Tel est l’intitulé de la présentation faite par Mme Oumnia Himmi. Il en ressort que l’inventaire exhaustif qu’elle a réalisé comptabilise quelque 43 taxons d’espèces aquatiques. A coté des Tilapias de guinée, plusieurs types de mollusques et de crevettes vivent dans les poches d’eau de la Sebkha.
Les mollusques d’Imlily
Mr Ghamizi a brillamment exposé le résultat de son travail sur les mollusques d’Imlily en expliquant que ces organismes constituaient un indicateur par rapport aux mouvements paléogéographique. Dans un seul et même site, Mr Ghamizi a trouvé une espèce de mollusque qui vit accrochée aux rochers – indicateur de présence de courants d’eau-, aussi bien qu’une espèce apparentée à l’Hyrobia Ventrosa qui pour sa part est inféodée aux eaux saumâtres. Pour lui, Imlily héberge une biodiversité non comptabilisée. « Il y’a beaucoup de choses qui restent à découvrir ».
Un patrimoine herpétologique à conserver
Mr El Mouedden a fait une présentation s’intitulant « Sebkhet Imlily : un patrimoine herpétologique à conserver ». Plusieurs reptiles vivent dans la zone de la Sebkha dont le caméléon qui a été trouvé par Mr El Mouedden très loin de la limite sud de sa zone de répartition connue. Plusieurs autres espèces de reptiles y’ont été comptabilisés ce qui fait d’Imlily un écosystème dépositaire d’un patrimoine herpétologique propre.
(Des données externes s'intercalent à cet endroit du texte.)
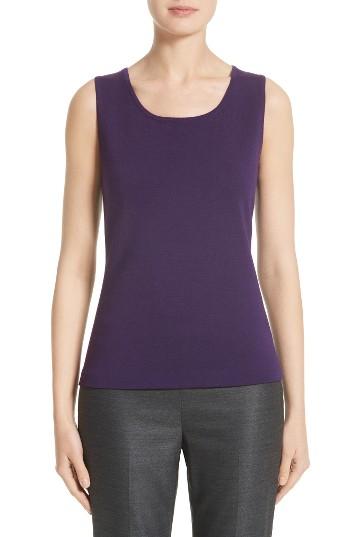 Women's St. John Collection Milano Knit Contour Shell, Size - Purple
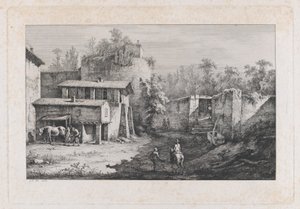 Landschaft mit Hufschmied, Blick auf Terrebasse, Frankreich, 1808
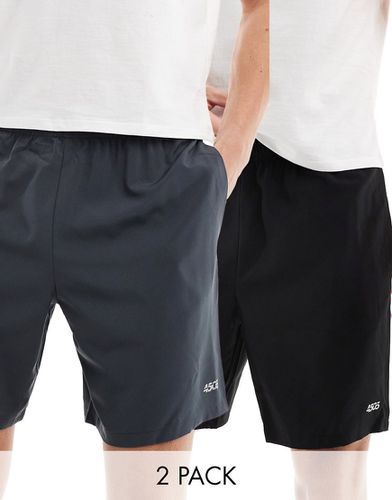 Lot de 2 shorts de sport 18 cm emblématiques à séchage rapide - Noir et anthracite - Asos 4505 - Modalova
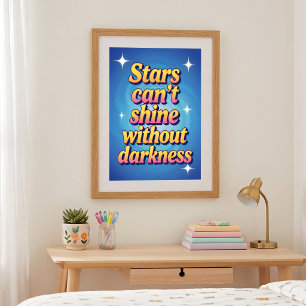 Poster Citation motivante étoile dégradé rose jaune rétro
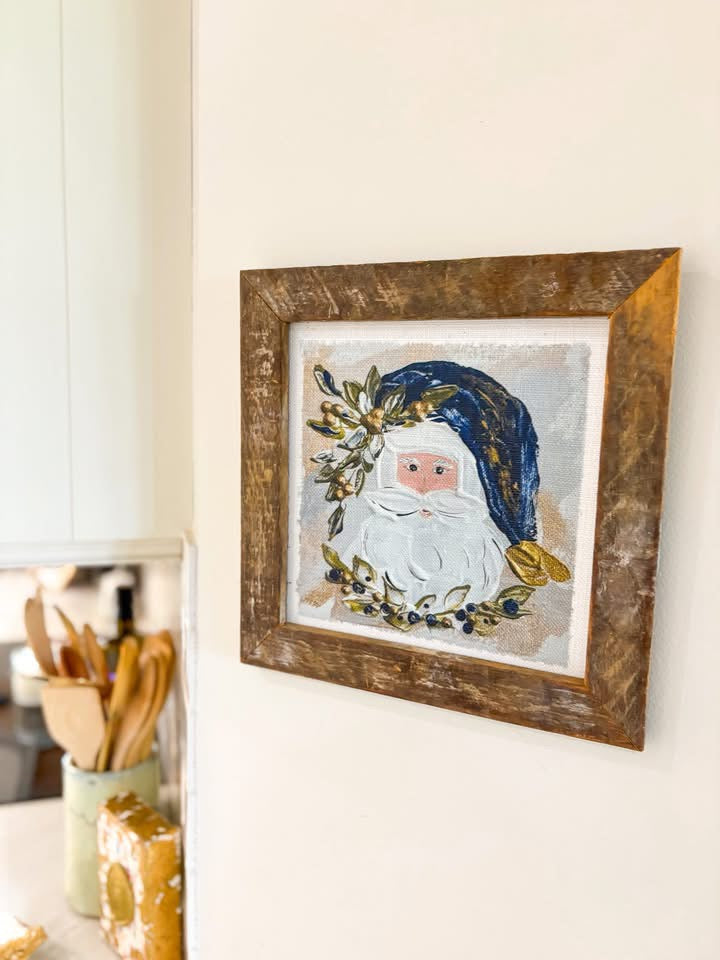 Navy Santa Framed Art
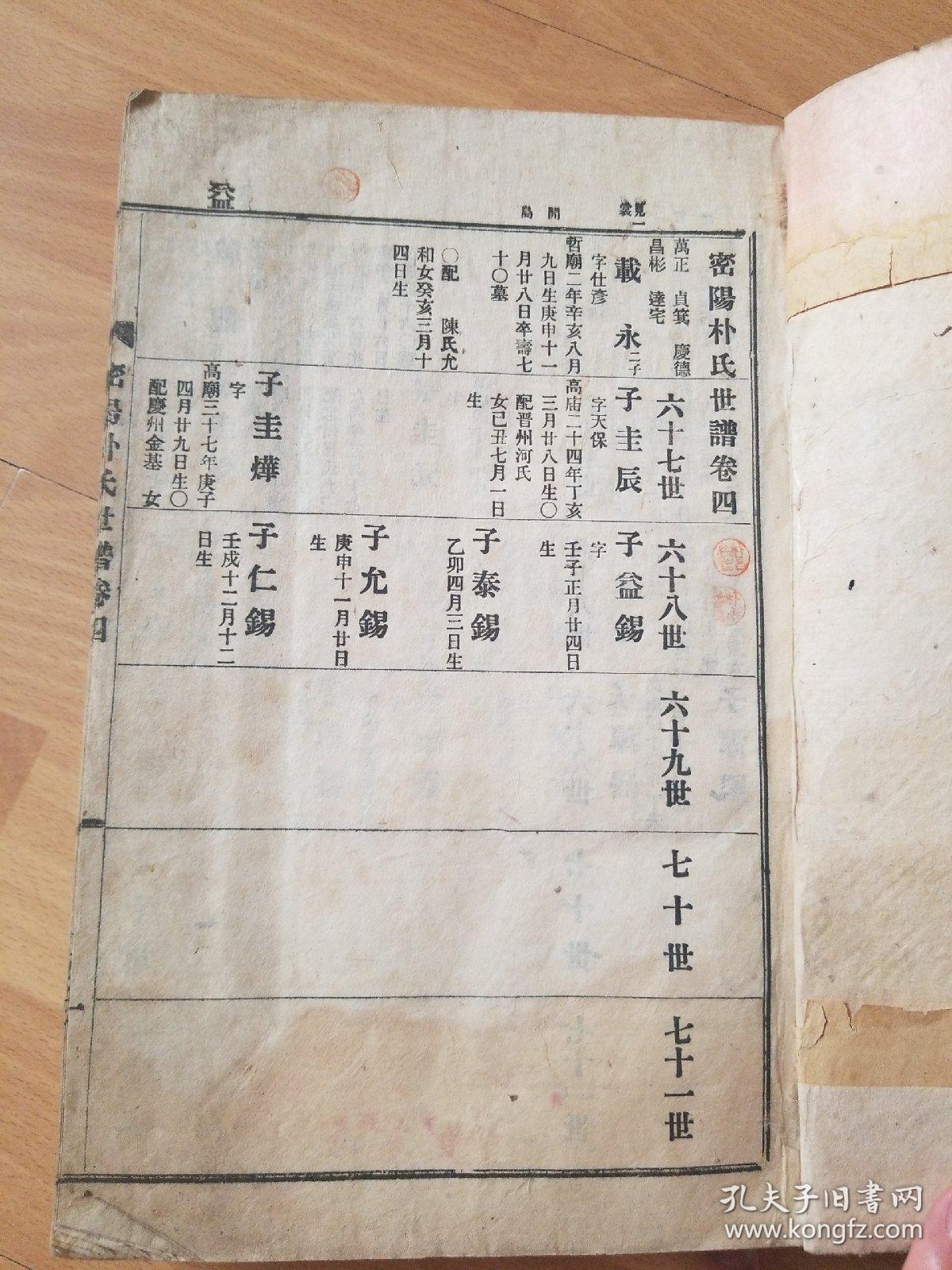 朴氏族谱线装共六卷含新罗朴氏璿源史谱新罗朴氏璿源世谱密阳朴氏派谱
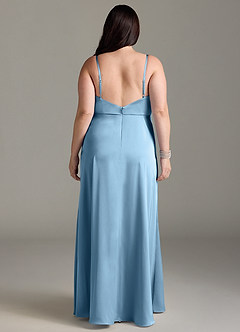 Azazie Brielle Robes de demoiselle d'honneur Robe Trapèze en Satin extensible Bretelles spaghetti Acier Bleuté image7
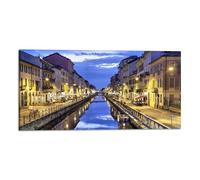 Panorama Milano navigli, Quadro stampa su tela con Telaio in Legno - 80x40 cm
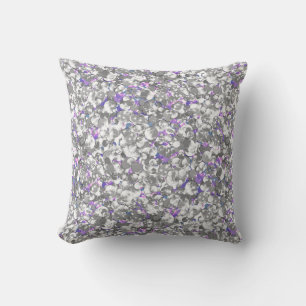 Nahtlose Glitzer-Sequenzen glänzen silberviolettes Kissen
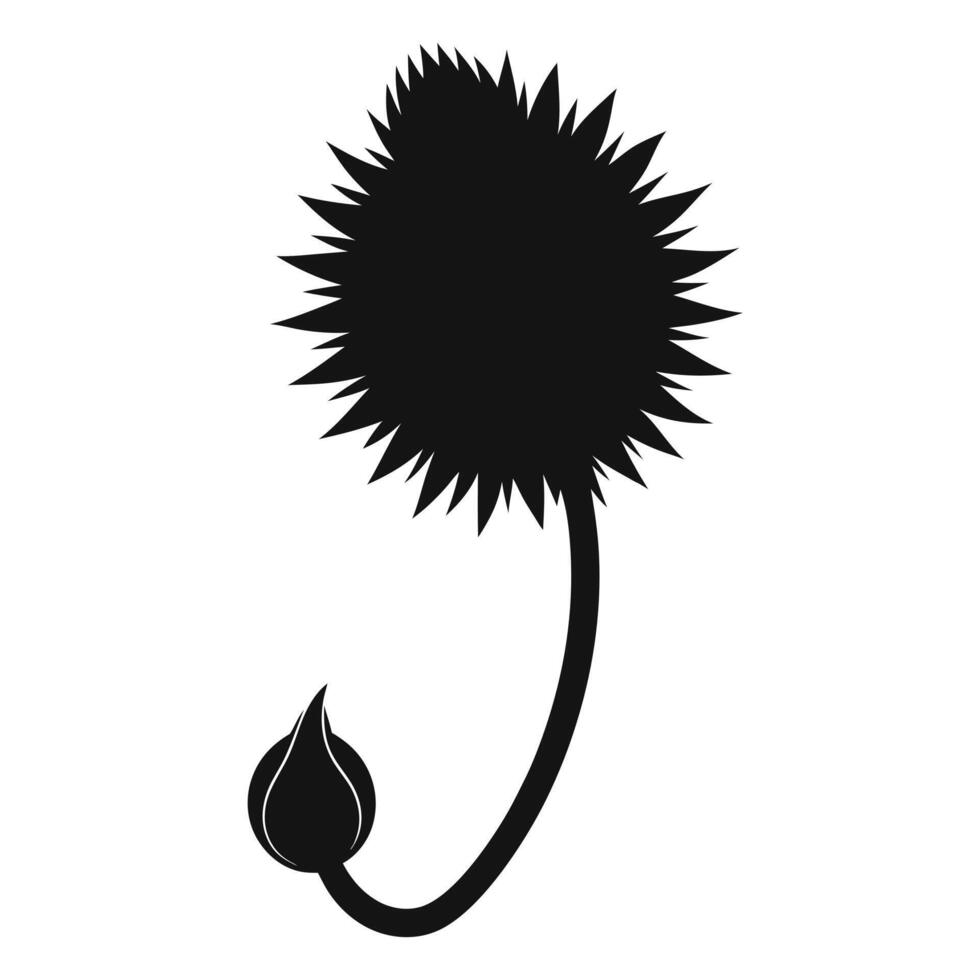 Thistle Flower Silhouette Black And White vector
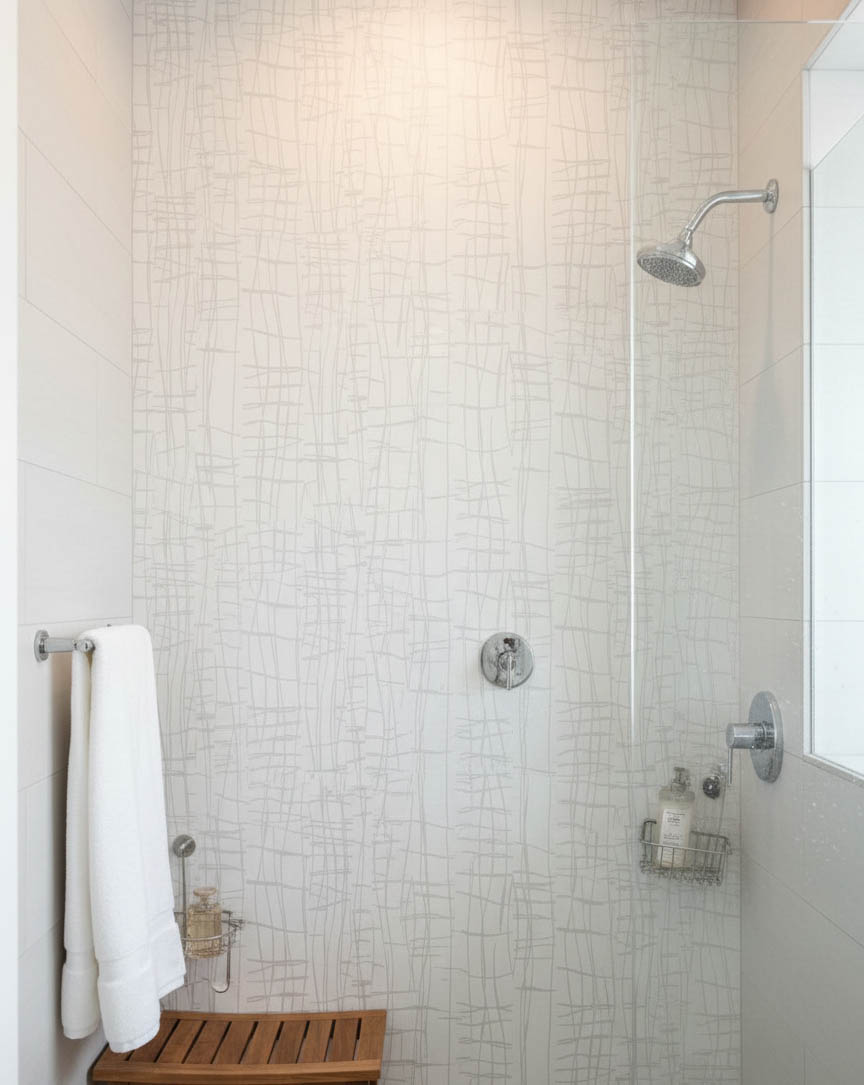 Desenli Açık Bej Banyo Mutfak Duvar Kağıdı - Su Geçirmez Neme Dayanıklı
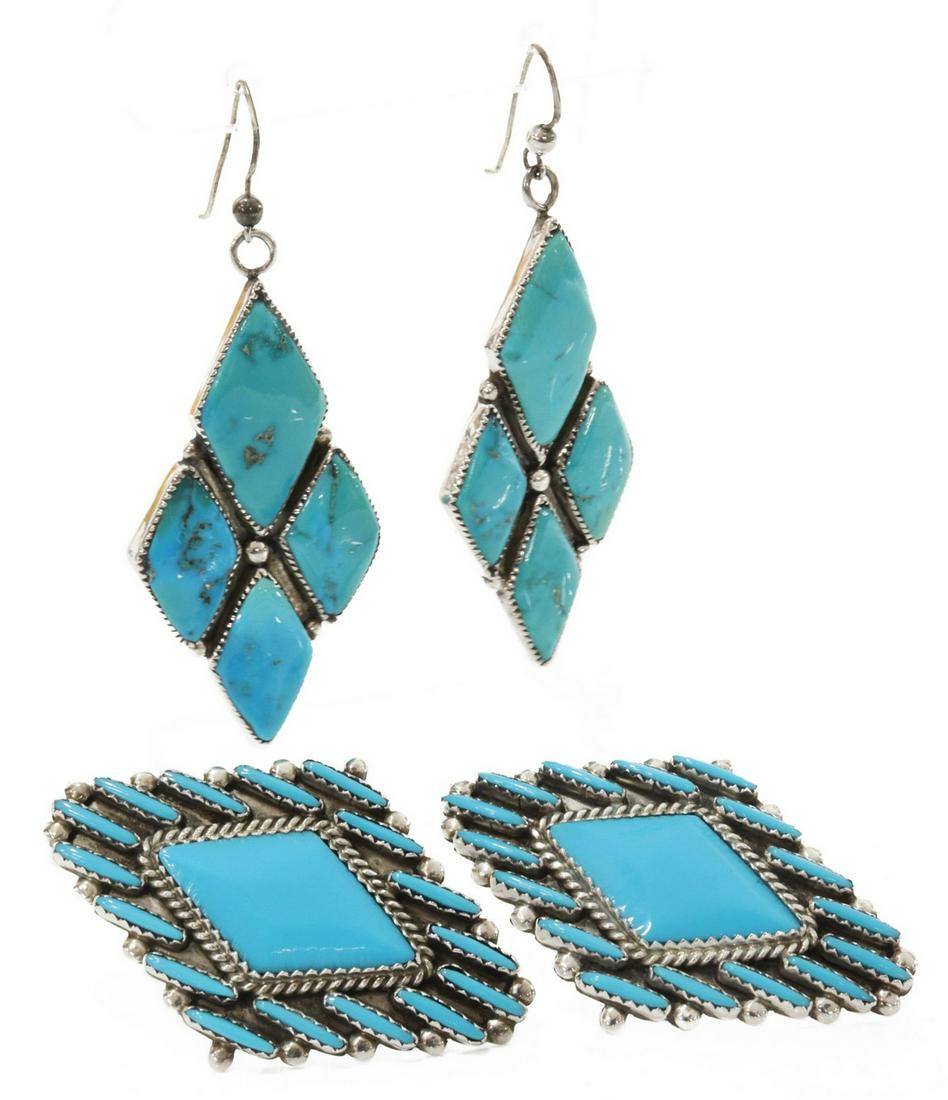 (2) NATIVE AMERICAN SILVER & TURQUOISE EARRINGS (1 of 5)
Inventaire des oiseaux de la Sebkha
Mr Radi a fait un exposé autour des résultats de son inventaire des oiseaux de la Sebkha. Il en ressort que si la zone constitue bien un point de passage pour les oiseaux migrateurs elle reste particuliaire puisque la salinité de l’eau qui s’y trouve ne permet par aux oiseaux d’eau qui y transitent de s’y abreuver.
Les mammifères de la zone d’Imlily
Mr Qninba a repris la parole pour faire une brève présentation sur les mammifères de la zone d’Imlily. Seule la gazelle Dorcas aurait disparu de la zone, un bon nombre d’animaux sahariens la fréquentent, exemple du fennec, du chat des sables, du lièvre des savanes sans oublier un bon nombre de rongeurs …
Un poisson Euryhalien perdu dans le désert : taxinomie et structure génétique des Tilapias de la Sebkha d’Imlily
Enfin, Mr Agnese a présenté sa communication « Un poisson Euryhalien perdu dans le désert : taxinomie et structure génétique des Tilapias de la Sebkha d’Imlily ». L’approche de Mr Agnese s’est basée sur la génétique. Si les résultats obtenus ne permettent pas encore de considérer le Tilapia d’Imlili comme une sous espèce à part entière, il n’est pas à exclure que plus d’études génétiques puissent le prouver. « Il faut résoudre le plus rapidement possible le statut du Tilapia d’Imlily. Il y’a déjà des pistes très fortes qui a minima annoncent qu’il s’agit d’une nouvelle espèce » conclut il.
Vers la création d’une aire protégée?
Après la fin des présentations, une table ronde modérée par Mr Ribi a rassemblé les scientifiques du projet avec d’autres partenaires dont Mme Hayat Misbah du HCEFLCD et Mr Baray de l’association Nature Initiative. Après que les participants aient émis leurs recommandations en matière de coordination des études et d’échange des données, la discussion a porté sur des aspects relatifs aux besoins d’études complémentaires et de la nécessité urgente de prendre des mesures pour la conservation de la Sebkha.
Les participants ont décidé de constituer un comité de mise en œuvre des recommandations pour entre autres, effectuer la procédure de demande de classement de la Sebkha en tant que site RAMSAR voire en tant qu’aire protégée.